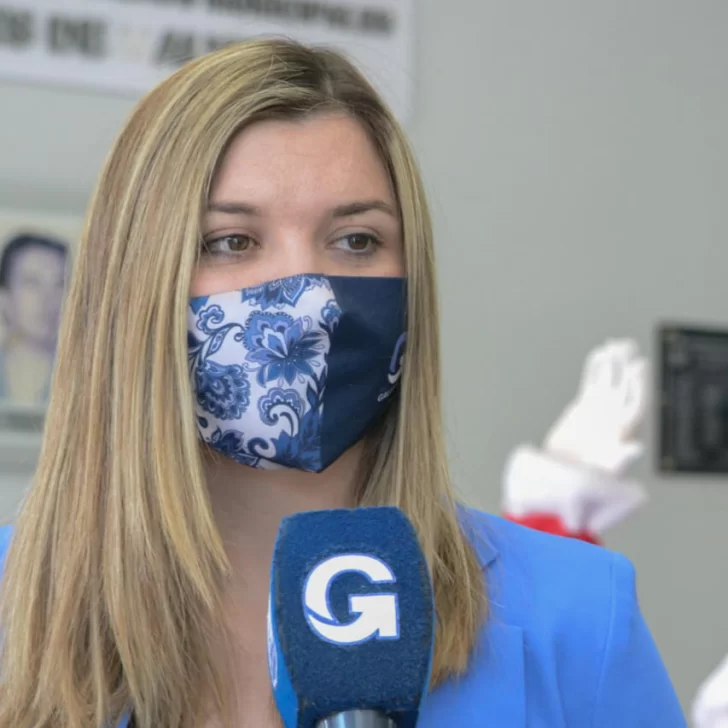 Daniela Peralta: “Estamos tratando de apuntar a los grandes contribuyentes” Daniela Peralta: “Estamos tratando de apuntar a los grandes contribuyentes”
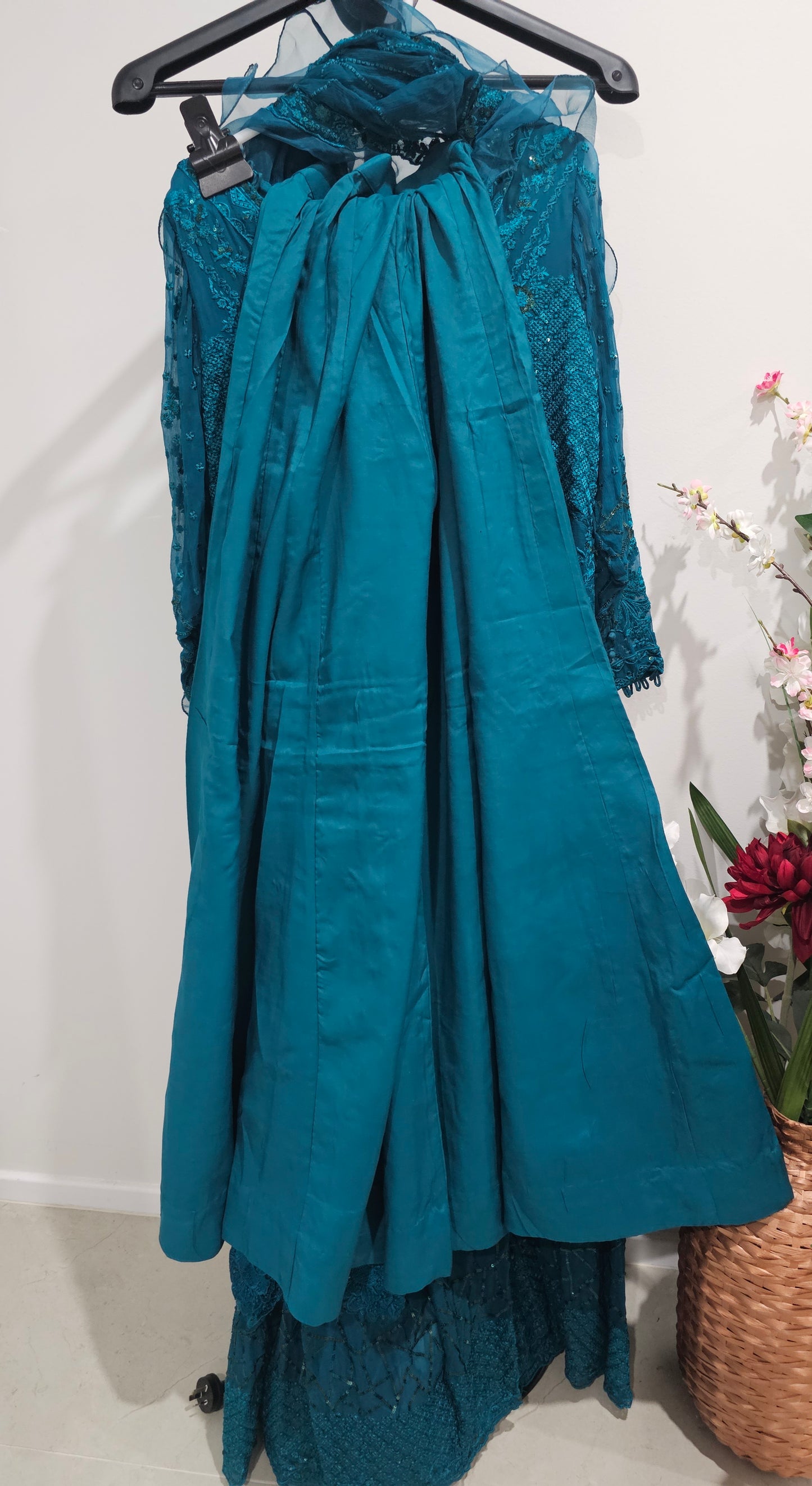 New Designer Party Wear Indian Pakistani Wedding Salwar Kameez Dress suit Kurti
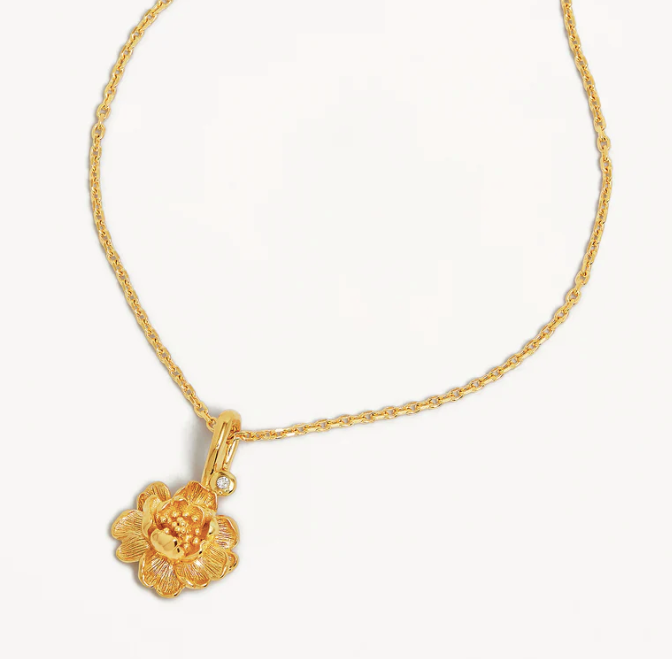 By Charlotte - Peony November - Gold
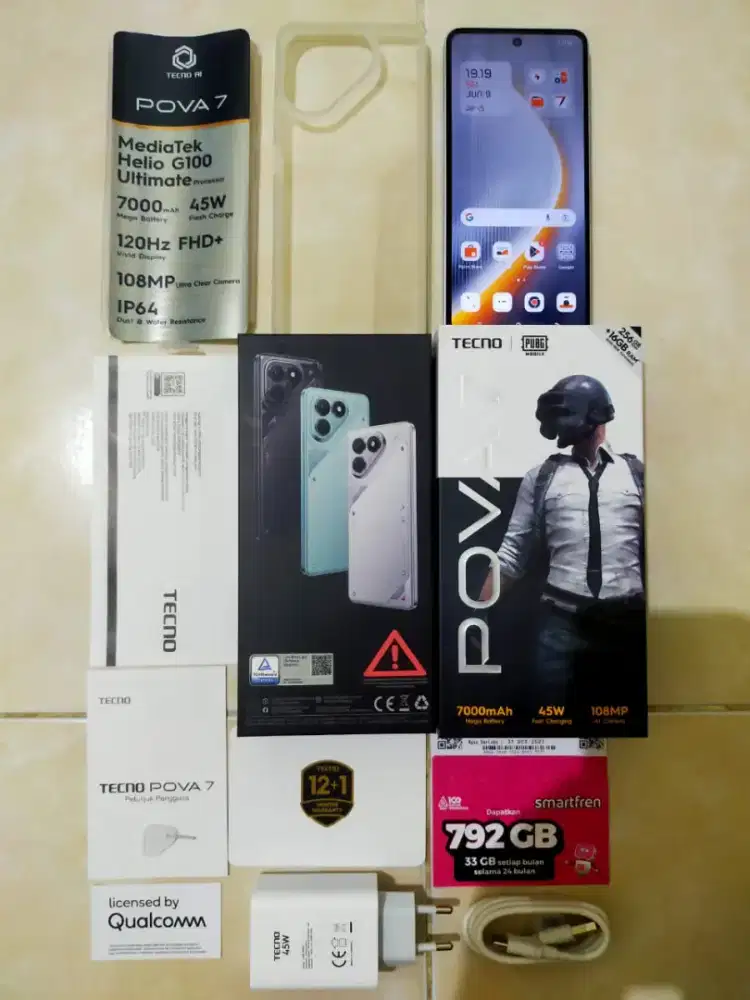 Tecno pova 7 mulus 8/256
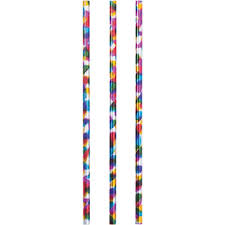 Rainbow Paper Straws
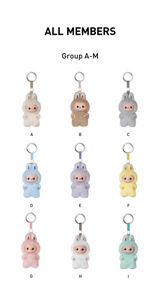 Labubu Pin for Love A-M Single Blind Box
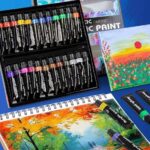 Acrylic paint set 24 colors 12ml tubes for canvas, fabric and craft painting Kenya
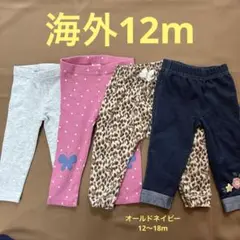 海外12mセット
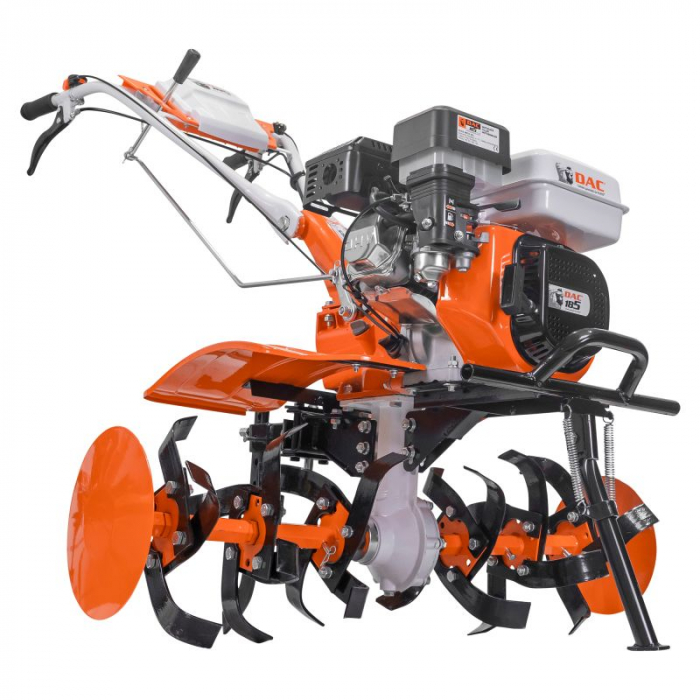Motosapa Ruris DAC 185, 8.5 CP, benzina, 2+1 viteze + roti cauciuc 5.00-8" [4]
---
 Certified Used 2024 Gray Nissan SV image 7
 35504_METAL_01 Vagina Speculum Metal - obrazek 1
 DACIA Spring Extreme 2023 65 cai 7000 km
* * *
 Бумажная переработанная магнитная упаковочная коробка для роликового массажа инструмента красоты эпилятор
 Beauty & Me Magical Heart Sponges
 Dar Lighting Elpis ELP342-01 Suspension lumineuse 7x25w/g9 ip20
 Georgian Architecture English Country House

(Task details): Return only the stretch of the material above from the line holding "Beauty & Me Magical Heart Sponges" through the line holding "Georgian Architecture English Country House", copied exactly.

(Your solution):
 Beauty & Me Magical Heart Sponges
 Dar Lighting Elpis ELP342-01 Suspension lumineuse 7x25w/g9 ip20
 Georgian Architecture English Country House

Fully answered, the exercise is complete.